Lorem ipsum dolor sit amet, consectetur adipiscing elit, sed do eiusmod tempor incididunt ut labore et dolore magna aliqua. Ut enim ad minim veniam, quis nostrud exercitation ullamco laboris nisi ut aliquip ex ea commodo consequat. Duis aute irure dolor in reprehenderit in voluptate velit esse cillum dolore eu fugiat nulla pariatur.

Block quote

Ordered list

  1. Item 1
  2. Item 2
  3. Item 3

Unordered list

  • Item A
  • Item B
  • Item C

Text link

Bold text

Emphasis

Superscript

Subscript

Can your AI survive a lost connection?

We help teams design on-device and hybrid AI architectures that stay reliable, private, and cost‑predictable in real mobile apps.

Let’s chat
Link copied to clipboard!
//
Insights

Learn more about AI

Stay up to date with our latest insights on React, React Native, and cross-platform development from the people who build the technology and scale with it daily.

//
insights

Learn more about AI

//
AI

We can help you move
it forward!

At Callstack, we work with companies big and small, pushing React Native everyday.

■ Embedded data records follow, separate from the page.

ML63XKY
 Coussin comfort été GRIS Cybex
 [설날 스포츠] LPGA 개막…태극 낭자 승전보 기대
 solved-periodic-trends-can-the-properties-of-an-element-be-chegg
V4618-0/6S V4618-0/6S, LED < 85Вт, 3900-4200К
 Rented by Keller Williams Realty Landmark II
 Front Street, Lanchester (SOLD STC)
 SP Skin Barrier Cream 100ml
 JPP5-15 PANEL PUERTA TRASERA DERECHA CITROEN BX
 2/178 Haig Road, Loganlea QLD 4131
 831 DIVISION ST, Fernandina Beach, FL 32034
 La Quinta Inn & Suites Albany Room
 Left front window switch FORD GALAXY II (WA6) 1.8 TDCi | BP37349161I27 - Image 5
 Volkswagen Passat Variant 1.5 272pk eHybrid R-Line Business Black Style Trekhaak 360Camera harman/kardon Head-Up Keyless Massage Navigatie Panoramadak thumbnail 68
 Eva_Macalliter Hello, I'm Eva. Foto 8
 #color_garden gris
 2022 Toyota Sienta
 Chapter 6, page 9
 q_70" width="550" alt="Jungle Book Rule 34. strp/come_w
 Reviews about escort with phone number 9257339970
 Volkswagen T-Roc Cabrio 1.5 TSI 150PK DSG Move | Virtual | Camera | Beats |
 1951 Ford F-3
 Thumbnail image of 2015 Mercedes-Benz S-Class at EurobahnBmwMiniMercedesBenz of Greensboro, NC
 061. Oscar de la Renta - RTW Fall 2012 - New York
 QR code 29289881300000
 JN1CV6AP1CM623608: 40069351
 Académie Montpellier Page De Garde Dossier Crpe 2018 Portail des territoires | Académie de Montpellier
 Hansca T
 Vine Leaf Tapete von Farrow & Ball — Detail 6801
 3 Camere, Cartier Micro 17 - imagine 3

React Native Performance Optimization

Improve React Native apps speed and efficiency through targeted performance enhancements.

On-device AI

Run AI models directly on iOS and Android for privacy-first experiences with reliable performance across real devices.

AI Knowledge Integration

Connect AI to your product’s knowledge so answers stay accurate, up to date, and backed by the right sources with proper access control.

Generative AI App Development

Build and ship production-ready AI features across iOS, Android, and Web with reliable UX, safety controls, and observability.